| Records to process |
= = = = = = =

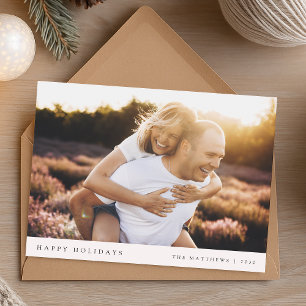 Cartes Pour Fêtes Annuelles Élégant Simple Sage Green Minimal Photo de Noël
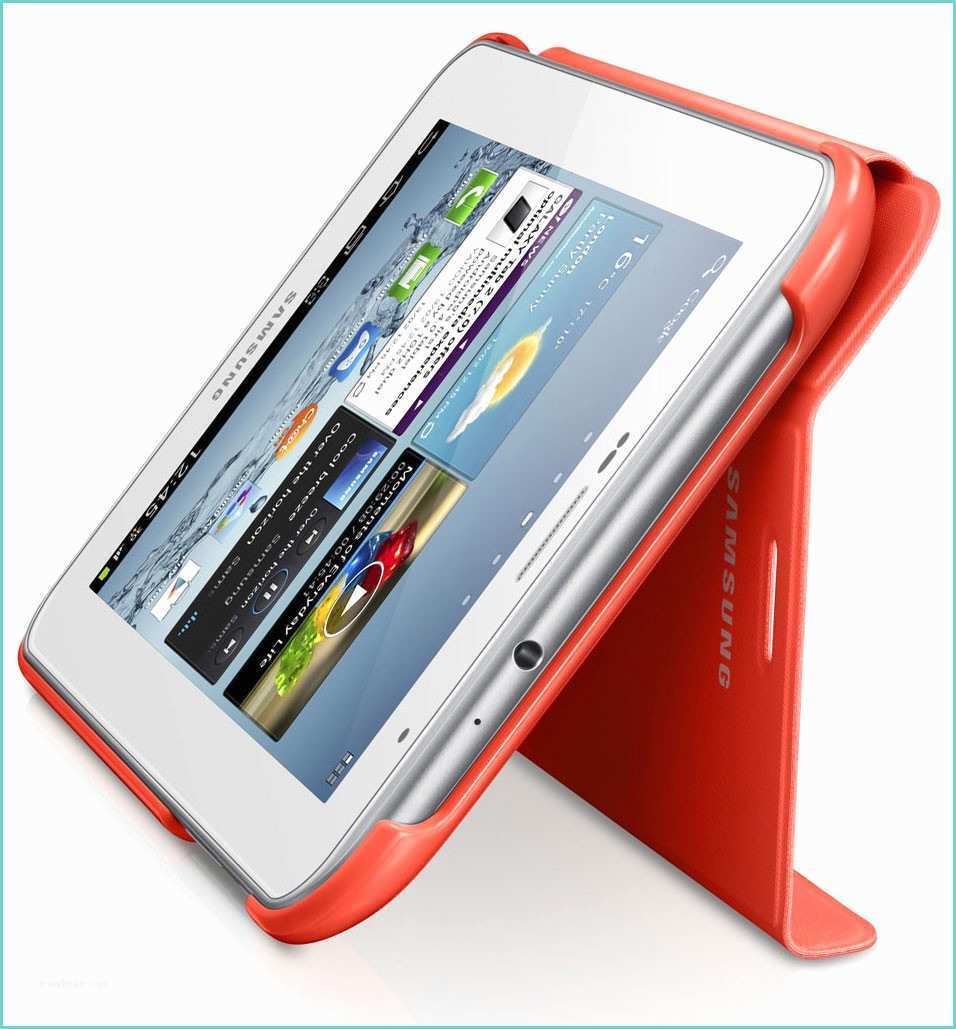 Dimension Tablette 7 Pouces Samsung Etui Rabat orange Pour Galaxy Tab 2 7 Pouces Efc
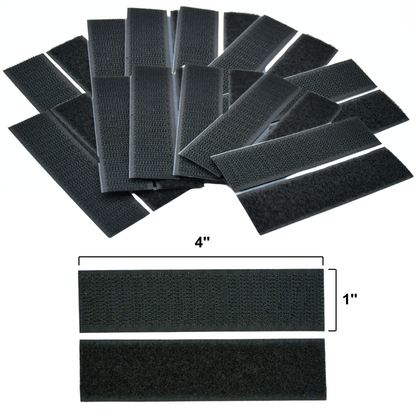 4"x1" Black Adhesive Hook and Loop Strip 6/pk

= = = = = = =

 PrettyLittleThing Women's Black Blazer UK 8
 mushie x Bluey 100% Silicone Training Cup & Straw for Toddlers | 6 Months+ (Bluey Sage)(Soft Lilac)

= = = = = = =

| Aim of the task |
In the material above, which lines fall between the one holding "Cartes Pour Fêtes" and the one holding "Loop Strip 6/pk", inclusive? Print exactly those, with the pictures left out.

| Task answer |
 Cartes Pour Fêtes Annuelles Élégant Simple Sage Green Minimal Photo de Noël
 Dimension Tablette 7 Pouces Samsung Etui Rabat orange Pour Galaxy Tab 2 7 Pouces Efc
 4"x1" Black Adhesive Hook and Loop Strip 6/pk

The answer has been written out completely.